Directions >> Restate word for word the section of the entries that opens at the line containing "Hi guys, this" and closes at the line containing "In today's video, I'm", both lines kept, pictures dropped.

Task material >>
▬▬▬

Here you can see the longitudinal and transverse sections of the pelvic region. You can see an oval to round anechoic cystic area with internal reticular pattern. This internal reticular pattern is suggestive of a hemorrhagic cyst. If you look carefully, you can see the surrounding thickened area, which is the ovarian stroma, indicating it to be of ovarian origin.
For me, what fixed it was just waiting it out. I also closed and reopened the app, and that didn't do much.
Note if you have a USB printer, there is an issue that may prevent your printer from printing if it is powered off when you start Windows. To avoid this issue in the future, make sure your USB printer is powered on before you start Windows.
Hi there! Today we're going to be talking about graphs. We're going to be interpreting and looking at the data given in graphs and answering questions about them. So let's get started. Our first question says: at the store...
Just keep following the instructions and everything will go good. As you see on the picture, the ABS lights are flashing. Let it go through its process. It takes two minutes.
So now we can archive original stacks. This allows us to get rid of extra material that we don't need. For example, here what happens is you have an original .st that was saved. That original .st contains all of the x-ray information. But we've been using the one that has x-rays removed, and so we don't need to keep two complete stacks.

▬▬▬

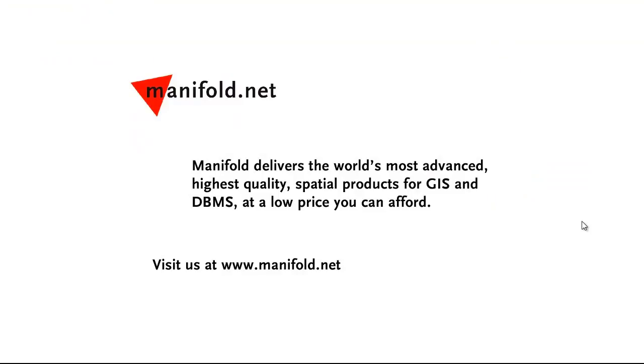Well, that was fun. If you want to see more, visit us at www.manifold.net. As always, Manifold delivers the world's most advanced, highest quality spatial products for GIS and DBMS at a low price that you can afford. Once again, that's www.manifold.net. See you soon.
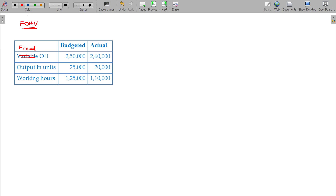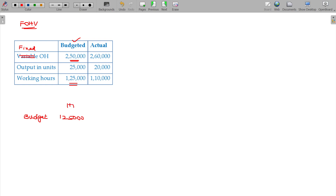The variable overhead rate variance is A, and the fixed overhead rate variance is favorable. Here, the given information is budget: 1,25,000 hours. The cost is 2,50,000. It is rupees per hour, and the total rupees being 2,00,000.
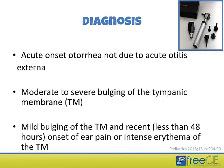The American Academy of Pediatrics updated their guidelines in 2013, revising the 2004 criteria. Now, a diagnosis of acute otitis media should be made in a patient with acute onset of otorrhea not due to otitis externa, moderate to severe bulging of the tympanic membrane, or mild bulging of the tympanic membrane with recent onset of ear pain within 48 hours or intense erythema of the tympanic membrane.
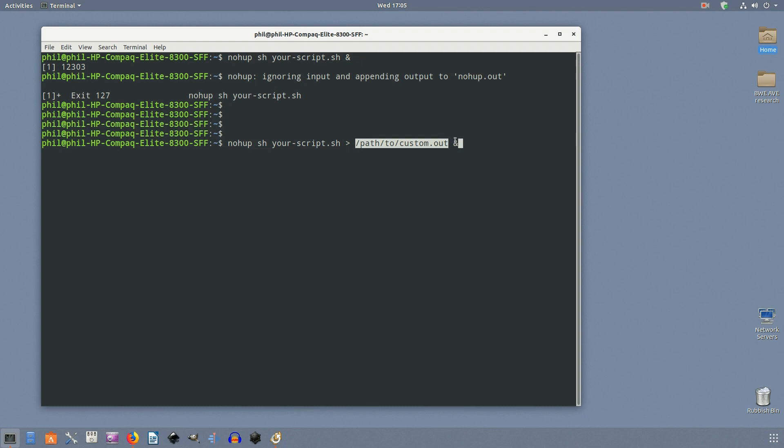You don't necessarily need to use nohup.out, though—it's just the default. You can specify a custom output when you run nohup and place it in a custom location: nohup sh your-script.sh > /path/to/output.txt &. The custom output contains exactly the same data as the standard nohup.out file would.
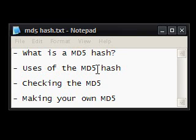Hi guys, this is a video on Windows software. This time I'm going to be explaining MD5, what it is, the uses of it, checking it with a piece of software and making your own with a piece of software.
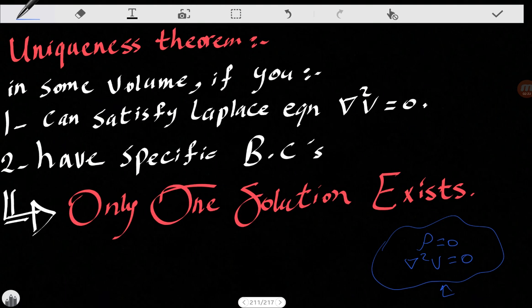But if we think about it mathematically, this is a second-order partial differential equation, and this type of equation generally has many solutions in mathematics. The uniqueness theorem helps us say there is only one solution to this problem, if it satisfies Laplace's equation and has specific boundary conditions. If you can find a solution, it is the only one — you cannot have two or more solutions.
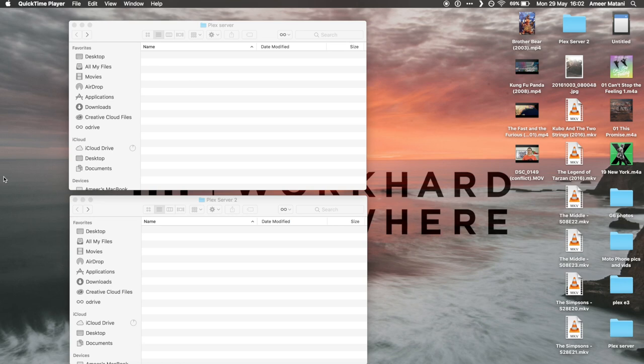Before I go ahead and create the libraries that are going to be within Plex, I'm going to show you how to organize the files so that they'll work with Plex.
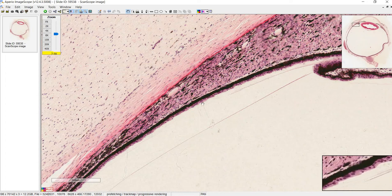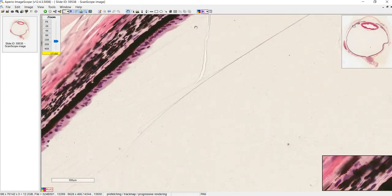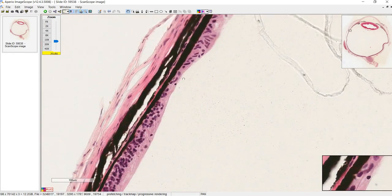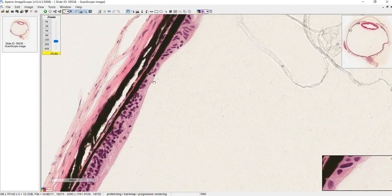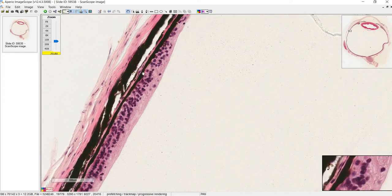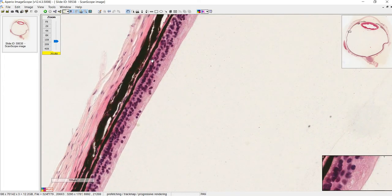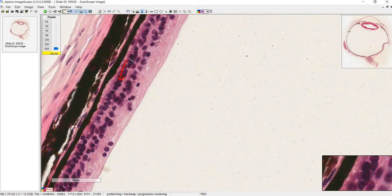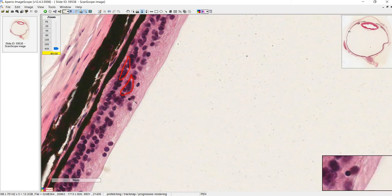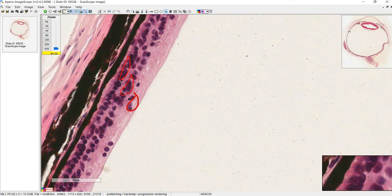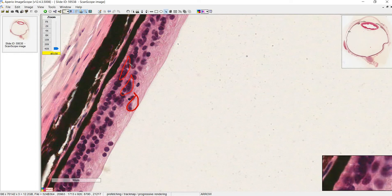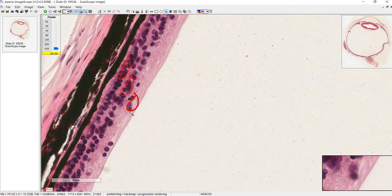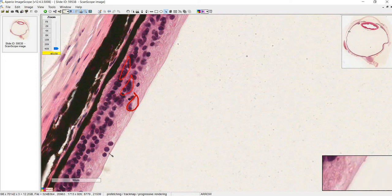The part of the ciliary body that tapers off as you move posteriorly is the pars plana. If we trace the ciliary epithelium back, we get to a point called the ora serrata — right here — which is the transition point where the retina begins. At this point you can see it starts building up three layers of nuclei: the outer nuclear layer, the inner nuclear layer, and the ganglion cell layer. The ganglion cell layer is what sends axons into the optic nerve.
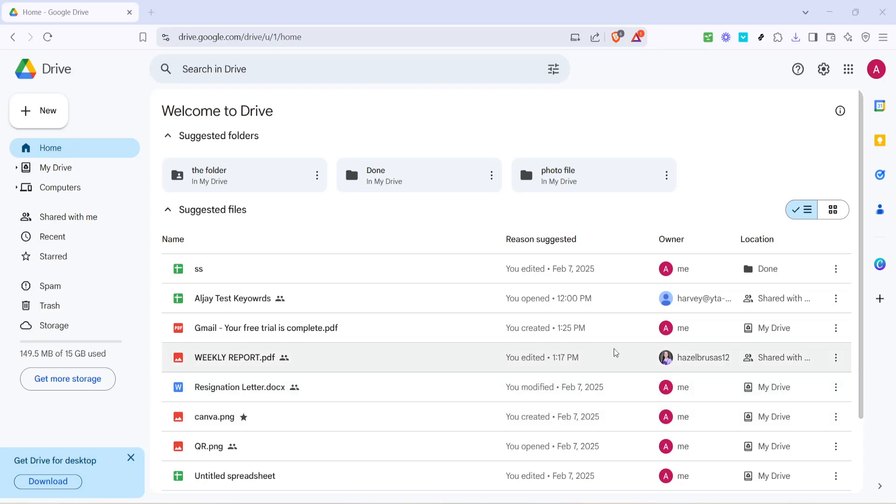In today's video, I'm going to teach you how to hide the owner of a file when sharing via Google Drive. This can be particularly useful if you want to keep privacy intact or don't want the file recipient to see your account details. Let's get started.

▬▬▬

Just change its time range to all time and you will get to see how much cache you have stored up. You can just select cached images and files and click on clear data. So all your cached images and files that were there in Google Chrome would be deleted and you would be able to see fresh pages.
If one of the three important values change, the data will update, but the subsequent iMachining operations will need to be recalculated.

▬▬▬

Answer to the problem >>
Hi guys, this is a video on Windows software. This time I'm going to be explaining MD5, what it is, the uses of it, checking it with a piece of software and making your own with a piece of software.
But if we think about it mathematically, this is a second-order partial differential equation, and this type of equation generally has many solutions in mathematics. The uniqueness theorem helps us say there is only one solution to this problem, if it satisfies Laplace's equation and has specific boundary conditions. If you can find a solution, it is the only one — you cannot have two or more solutions.
Before I go ahead and create the libraries that are going to be within Plex, I'm going to show you how to organize the files so that they'll work with Plex.
The part of the ciliary body that tapers off as you move posteriorly is the pars plana. If we trace the ciliary epithelium back, we get to a point called the ora serrata — right here — which is the transition point where the retina begins. At this point you can see it starts building up three layers of nuclei: the outer nuclear layer, the inner nuclear layer, and the ganglion cell layer. The ganglion cell layer is what sends axons into the optic nerve.
In today's video, I'm going to teach you how to hide the owner of a file when sharing via Google Drive. This can be particularly useful if you want to keep privacy intact or don't want the file recipient to see your account details. Let's get started.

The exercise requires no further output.